Back in the 70's, musician encounters with drug overdoses gave birth to the addled rock star stereotype. People joked about a future when rock stars would begin to die of natural causes.
Well sure, it was all laughs until it actually started to happen. There's something quite unsettling in the realization that these supposed anchors of our lives are in fact impermanent. It's an uncomfortable reminder of our own mortality.
Michael Brecker was not a rock star, but I'd be willing to bet that you've heard him play. His sax appeared on a stunning number of records that span the worlds of jazz (including the fusion/funk of the Brecker Brothers, with brother Randy), pop, folk, and rock. A complete credits list can be seen at Brecker's AllMusic page. Here's a (very) condensed list: Aerosmith (Get Your Wings), James Taylor (One Man Dog), John Lennon (Mind Games), Todd Rundgren (Something/Anything?), The Average White Band (AWB), Blue Oyster Cult (Agents Of Fortune), Parliament (Mothership Connection), Frank Zappa (Zappa in New York), Paul Simon (One Trick Pony), Mark Knopfler (Local Hero), Yoko Ono (Seasons Of Glass), Joni Mitchell (Shadows and Light), Pat Metheny (80/81), Bill Chinnock (Badlands), Bruce Springsteen (Born To Run).
The last handful of entries illustrates how an artist can draw a "thread of influence" through a long segment of what we think of as "our" music. Most folks reading this are probably not familiar with the name Bill Chinnock. Chinnock was part of the Asbury Park gang, playing with a group that went on to become the E-Street Band. He was also a musical hero of mine back in the my college days. Kind of interesting to me that Michael Brecker played on Chinnock's Badlands as well as Springsteen's Born To Run.

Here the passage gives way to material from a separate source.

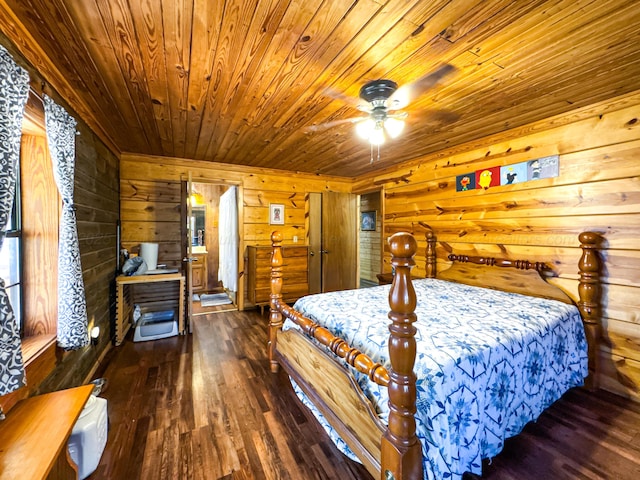 bedroom with dark hardwood / wood-style flooring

Brecker played in Joni Mitchell's stellar touring band that was documented on Shadows and Light. What a band that was with Pat Metheny on guitar, Lyle Mays on keys, Jaco Pastorious on bass and Don Elias on percussion. The lineup on Tales from the Hudson is equally amazing — Metheny, Jack DeJohnette, Joey Calderazzo, Dave Holland and on two tracks: McCoy Tyner and Don Alias. My mind's ear can draw a line from my listening past all the way through to the present while listening to the smoldering version of Metheny's "Song For Bilbao" (on which Tyner and Alias play). Sure, it's a little sad that that thread of memory now contains death…but that does nothing to diminish this music.